Problem description:
Pick out the lines below with "from" and list them.

··· Task material ···

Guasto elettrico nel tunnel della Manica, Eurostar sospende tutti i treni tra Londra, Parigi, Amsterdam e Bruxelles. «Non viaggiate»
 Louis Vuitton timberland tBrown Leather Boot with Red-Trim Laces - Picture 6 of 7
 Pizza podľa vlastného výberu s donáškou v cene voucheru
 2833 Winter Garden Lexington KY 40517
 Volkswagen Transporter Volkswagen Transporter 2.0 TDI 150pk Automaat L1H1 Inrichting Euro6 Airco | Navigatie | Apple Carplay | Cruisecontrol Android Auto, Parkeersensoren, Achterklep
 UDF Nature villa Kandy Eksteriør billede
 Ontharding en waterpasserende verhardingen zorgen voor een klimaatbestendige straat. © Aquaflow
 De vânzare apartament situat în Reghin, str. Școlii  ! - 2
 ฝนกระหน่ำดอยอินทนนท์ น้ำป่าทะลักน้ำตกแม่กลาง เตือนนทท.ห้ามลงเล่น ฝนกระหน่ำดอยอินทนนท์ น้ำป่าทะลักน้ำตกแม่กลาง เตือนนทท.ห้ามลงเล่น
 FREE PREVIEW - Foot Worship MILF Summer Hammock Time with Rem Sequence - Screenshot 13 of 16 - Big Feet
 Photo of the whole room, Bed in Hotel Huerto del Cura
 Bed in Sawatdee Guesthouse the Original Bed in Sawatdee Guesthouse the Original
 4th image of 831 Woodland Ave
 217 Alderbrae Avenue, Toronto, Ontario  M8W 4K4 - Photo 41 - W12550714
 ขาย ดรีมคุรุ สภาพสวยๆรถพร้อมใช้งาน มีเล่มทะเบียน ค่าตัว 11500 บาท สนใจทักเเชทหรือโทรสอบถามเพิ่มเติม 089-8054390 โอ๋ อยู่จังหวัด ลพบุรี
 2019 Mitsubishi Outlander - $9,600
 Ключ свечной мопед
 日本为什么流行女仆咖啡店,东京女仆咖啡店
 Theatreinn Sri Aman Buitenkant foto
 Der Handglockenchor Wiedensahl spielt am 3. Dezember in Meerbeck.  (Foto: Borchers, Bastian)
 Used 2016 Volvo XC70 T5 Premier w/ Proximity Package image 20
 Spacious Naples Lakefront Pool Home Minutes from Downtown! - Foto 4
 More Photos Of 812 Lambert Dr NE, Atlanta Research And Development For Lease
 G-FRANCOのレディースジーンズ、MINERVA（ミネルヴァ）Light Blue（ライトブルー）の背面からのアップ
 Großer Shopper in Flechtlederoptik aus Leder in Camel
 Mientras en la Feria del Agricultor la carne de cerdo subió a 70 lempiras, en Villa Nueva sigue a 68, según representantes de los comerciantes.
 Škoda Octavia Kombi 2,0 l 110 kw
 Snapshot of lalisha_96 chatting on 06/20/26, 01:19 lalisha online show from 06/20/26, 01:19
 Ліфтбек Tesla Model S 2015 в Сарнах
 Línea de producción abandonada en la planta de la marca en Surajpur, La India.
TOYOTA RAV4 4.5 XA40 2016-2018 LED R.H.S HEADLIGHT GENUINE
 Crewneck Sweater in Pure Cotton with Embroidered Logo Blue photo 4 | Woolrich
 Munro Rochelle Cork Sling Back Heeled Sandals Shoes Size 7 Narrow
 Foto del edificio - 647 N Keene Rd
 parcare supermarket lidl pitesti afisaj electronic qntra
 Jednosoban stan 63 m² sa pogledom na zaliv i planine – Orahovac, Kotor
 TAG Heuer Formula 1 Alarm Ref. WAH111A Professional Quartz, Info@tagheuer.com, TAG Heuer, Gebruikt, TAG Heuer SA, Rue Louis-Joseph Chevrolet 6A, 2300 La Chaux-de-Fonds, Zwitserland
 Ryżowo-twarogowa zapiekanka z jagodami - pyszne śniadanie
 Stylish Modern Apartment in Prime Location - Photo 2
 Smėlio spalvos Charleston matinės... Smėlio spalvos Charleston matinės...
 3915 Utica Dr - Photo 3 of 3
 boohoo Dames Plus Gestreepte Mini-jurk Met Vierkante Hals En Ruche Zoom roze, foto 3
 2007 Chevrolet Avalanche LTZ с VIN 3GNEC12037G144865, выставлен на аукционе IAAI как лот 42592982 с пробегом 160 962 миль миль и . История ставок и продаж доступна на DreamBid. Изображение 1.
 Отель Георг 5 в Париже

···

Result of the exercise:
 Spacious Naples Lakefront Pool Home Minutes from Downtown! - Foto 4
 Snapshot of lalisha_96 chatting on 06/20/26, 01:19 lalisha online show from 06/20/26, 01:19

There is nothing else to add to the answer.